Satellite sees river flow across the globe | Space photo of the day for Jan. 29, 2025

An image of the world with various lines of green and blue showing the river system with a table of numbers on the left showing main flow levels corresponding to various colors. .

From fast-moving rivers to trickling creeks, scientists around the world work to measure discharge, or the volume of water flowing past a point per second. Discharge is the number that turns "the river is high" into "this could flood downstream," and it underpins everything from reservoir operations to crop planning.

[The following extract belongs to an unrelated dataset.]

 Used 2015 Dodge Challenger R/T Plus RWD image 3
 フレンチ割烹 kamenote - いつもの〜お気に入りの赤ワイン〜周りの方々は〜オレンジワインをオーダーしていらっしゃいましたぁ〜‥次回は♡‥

The problem is that gauges are unevenly distributed across the planet, and some of the places where better monitoring matters most — remote regions, fast-changing watersheds, politically complex borders — are often the hardest to measure consistently. That's where Earth-observing satellites come in.

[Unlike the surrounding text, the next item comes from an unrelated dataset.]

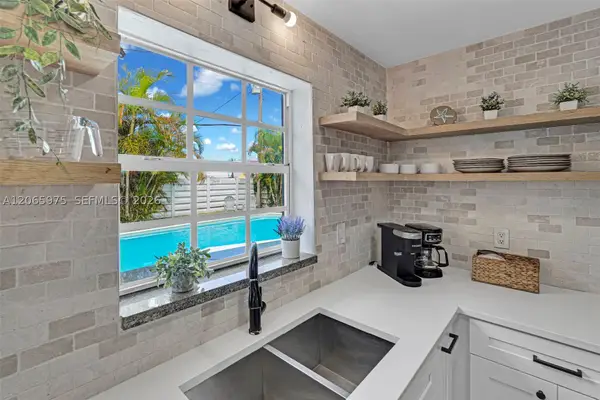 407 S 56th, Hollywood, FL 33023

NASA and the French space agency CNES built the Surface Water and Ocean Topography (SWOT) mission to measure the height of water across oceans, lakes, reservoirs and rivers using a wide-swath radar instrument called KaRIn (Ka-band Radar Interferometer). SWOT repeats its global ground track on a regular cycle, providing broad coverage that complements on-the-ground networks.

What is it?

This "rivers of Earth" map is made from SWOT data and shows estimated discharge across river systems worldwide, lighting up continents with blue-to-green threads where water is flowing. The brighter and denser the network, the more major river reaches (and higher flows) are being captured in the estimate.

According to NASA, this release represents the first-ever global estimate of both river discharge and suspended sediment observed from space — covering every river on Earth wider than about 160 feet (50 meters).

Where is it?

The SWOT satellite analyzes Earth from an altitude of 554 miles (891 kilometers). It orbits our planet multiple times a day, retracing its previous path every 21 days. You can track its location in real time here.

This map gives the first-ever global estimate of sediment suspended in rivers and the rivers' overall discharge. (Image credit: (NASA/JPL/UMass))

Why is it amazing?

With SWOT measurements as the backbone, science teams produced estimates of both river discharge (how much water is moving through a river reach) and suspended sediment concentration (how much material is being carried in the water). Those two together matter, because rivers don't just move water; they also carry nutrients, pollutants and soil, shaping deltas, affecting water quality and influencing ecosystems downstream.

Discharge in particular is the heartbeat of flood forecasting, and having a space-based estimate helps fill gaps where ground sensors are limited or absent. Similarly, water utilities, irrigation planners and reservoir managers can use discharge estimates to understand availability and variability across seasons and regions.